Expressive power (computer science)

Last updated August 27, 2023

In computer science, the expressive power (also called expressiveness or expressivity) of a language is the breadth of ideas that can be represented and communicated in that language. The more expressive a language is, the greater the variety and quantity of ideas it can be used to represent.

For example, the Web Ontology Language expression language profile (OWL2 EL) lacks ideas (such as negation) that can be expressed in OWL2 RL (rule language). OWL2 EL may therefore be said to have less expressive power than OWL2 RL. These restrictions allow for more efficient (polynomial time) reasoning in OWL2 EL than in OWL2 RL. So OWL2 EL trades some expressive power for more efficient reasoning (processing of the knowledge representation language).^[1]

Information description

The term expressive power may be used with a range of meaning. It may mean a measure of the ideas expressible in that language:^[2]

regardless of ease (theoretical expressivity)
concisely and readily (practical expressivity)

The first sense dominates in areas of mathematics and logic that deal with the formal description of languages and their meaning, such as formal language theory, mathematical logic and process algebra.^[2]

In informal discussions, the term often refers to the second sense, or to both. This is often the case when discussing programming languages.^[3]^{[ page needed ]} Efforts have been made to formalize these informal uses of the term.^[4]

The notion of expressive power is always relative to a particular kind of thing that the language in question can describe, and the term is normally used when comparing languages that describe the same kind of things, or at least comparable kinds of things.^[4]

The design of languages and formalisms involves a trade-off between expressive power and analyzability. The more a formalism can express, the harder it becomes to understand what instances of the formalism say.

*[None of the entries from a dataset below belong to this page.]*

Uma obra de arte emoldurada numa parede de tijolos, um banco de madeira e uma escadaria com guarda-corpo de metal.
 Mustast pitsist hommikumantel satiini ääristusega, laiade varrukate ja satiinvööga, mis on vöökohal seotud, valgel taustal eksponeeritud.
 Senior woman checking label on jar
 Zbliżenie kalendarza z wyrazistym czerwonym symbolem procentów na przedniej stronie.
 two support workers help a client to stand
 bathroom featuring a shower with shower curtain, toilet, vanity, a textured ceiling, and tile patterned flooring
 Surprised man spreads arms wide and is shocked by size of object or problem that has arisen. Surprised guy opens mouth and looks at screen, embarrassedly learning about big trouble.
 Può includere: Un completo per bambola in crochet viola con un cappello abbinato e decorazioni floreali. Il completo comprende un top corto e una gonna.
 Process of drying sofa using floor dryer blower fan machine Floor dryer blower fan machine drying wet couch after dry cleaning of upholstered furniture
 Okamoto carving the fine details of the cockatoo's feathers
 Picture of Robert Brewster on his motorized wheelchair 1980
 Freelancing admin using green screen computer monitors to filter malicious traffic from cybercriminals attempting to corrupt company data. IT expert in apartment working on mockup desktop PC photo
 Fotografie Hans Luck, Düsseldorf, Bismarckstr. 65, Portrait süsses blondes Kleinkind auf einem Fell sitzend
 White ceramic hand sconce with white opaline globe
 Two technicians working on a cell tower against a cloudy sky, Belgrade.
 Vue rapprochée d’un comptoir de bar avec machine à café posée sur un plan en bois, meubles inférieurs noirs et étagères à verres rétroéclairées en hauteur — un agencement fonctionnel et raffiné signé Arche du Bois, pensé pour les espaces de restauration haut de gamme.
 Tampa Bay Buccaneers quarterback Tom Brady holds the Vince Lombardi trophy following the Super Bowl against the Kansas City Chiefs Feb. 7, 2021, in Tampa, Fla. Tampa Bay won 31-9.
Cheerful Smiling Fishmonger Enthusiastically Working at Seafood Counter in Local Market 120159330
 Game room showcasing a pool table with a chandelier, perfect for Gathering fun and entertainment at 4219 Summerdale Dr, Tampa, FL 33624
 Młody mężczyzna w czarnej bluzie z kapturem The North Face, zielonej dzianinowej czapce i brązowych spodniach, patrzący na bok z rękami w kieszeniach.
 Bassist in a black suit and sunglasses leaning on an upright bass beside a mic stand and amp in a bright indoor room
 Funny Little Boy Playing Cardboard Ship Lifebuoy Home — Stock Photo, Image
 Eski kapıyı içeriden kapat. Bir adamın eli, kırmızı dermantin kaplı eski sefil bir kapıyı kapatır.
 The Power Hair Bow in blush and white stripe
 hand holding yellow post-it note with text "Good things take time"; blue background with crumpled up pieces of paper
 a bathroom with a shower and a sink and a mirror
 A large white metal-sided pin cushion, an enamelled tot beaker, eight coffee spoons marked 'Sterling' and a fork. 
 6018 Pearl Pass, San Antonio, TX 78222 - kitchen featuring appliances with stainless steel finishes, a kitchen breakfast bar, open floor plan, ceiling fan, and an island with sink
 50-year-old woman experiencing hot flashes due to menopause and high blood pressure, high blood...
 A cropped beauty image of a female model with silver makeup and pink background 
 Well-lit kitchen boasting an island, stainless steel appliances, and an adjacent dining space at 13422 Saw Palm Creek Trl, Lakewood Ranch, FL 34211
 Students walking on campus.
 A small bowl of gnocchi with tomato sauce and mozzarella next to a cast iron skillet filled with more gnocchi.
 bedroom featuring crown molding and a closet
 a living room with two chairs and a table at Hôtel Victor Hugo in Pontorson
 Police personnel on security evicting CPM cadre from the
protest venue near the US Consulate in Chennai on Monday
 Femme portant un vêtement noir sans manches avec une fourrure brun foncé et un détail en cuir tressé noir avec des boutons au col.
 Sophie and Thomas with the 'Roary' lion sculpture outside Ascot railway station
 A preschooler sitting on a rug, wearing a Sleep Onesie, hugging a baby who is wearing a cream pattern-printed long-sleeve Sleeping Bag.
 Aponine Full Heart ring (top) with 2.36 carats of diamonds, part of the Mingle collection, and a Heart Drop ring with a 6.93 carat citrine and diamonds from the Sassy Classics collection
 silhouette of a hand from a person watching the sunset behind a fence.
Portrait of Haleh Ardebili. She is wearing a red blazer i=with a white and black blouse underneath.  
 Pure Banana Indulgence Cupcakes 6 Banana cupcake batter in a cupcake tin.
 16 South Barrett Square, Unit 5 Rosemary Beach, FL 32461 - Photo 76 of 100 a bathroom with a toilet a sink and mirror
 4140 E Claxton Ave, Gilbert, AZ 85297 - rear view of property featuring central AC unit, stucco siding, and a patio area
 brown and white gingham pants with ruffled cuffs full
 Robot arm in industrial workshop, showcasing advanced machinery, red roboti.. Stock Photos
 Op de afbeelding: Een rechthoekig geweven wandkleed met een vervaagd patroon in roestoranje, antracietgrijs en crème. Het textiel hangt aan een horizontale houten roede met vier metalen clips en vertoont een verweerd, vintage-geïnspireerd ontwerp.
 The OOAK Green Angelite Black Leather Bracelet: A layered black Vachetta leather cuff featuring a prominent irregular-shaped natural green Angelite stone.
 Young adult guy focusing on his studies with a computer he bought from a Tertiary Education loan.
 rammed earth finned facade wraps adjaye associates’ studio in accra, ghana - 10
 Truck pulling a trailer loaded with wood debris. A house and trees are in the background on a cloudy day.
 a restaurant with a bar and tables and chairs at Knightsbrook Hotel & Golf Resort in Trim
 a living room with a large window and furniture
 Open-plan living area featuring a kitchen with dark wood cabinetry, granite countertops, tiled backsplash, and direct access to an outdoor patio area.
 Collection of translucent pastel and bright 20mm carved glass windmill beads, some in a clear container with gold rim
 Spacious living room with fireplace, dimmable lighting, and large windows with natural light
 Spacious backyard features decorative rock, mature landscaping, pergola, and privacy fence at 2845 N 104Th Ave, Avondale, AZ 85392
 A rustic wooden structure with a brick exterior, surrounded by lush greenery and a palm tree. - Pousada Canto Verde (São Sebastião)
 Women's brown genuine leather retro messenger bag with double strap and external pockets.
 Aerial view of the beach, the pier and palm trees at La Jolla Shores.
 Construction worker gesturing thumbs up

Decision problems become harder to answer or completely undecidable.^[5]

Examples

In formal language theory

Formal language theory mostly studies formalisms to describe sets of strings, such as context-free grammars and regular expressions. Each instance of a formalism, e.g. each grammar and each regular expression, describes a particular set of strings. In this context, the expressive power of a formalism is the set of sets of strings its instances describe, and comparing expressive power is a matter of comparing these sets.

An important yardstick for describing the relative expressive power of formalisms in this area is the Chomsky hierarchy. It says, for instance, that regular expressions, nondeterministic finite automata and regular grammars have equal expressive power, while that of context-free grammars is greater; what this means is that the sets of sets of strings described by the first three formalisms are equal, and a proper subset of the set of sets of strings described by context-free grammars.

In this area, the cost of expressive power is a central topic of study. It is known, for instance, that deciding whether two arbitrary regular expressions describe the same set of strings is hard, while doing the same for arbitrary context-free grammars is completely impossible. However, it can still be efficiently decided whether any given string is in the set.

For more expressive formalisms, this problem can be harder, or even undecidable. For a Turing complete formalism, such as arbitrary formal grammars, not only this problem, but every nontrivial property regarding the set of strings they describe is undecidable, a fact known as Rice's Theorem.

There are some results on conciseness as well; for instance, nondeterministic finite automata and regular grammars are more concise than regular expressions, in the sense that the latter can be translated to the former without a blowup in size (i.e. in O(1)), while the reverse is not possible.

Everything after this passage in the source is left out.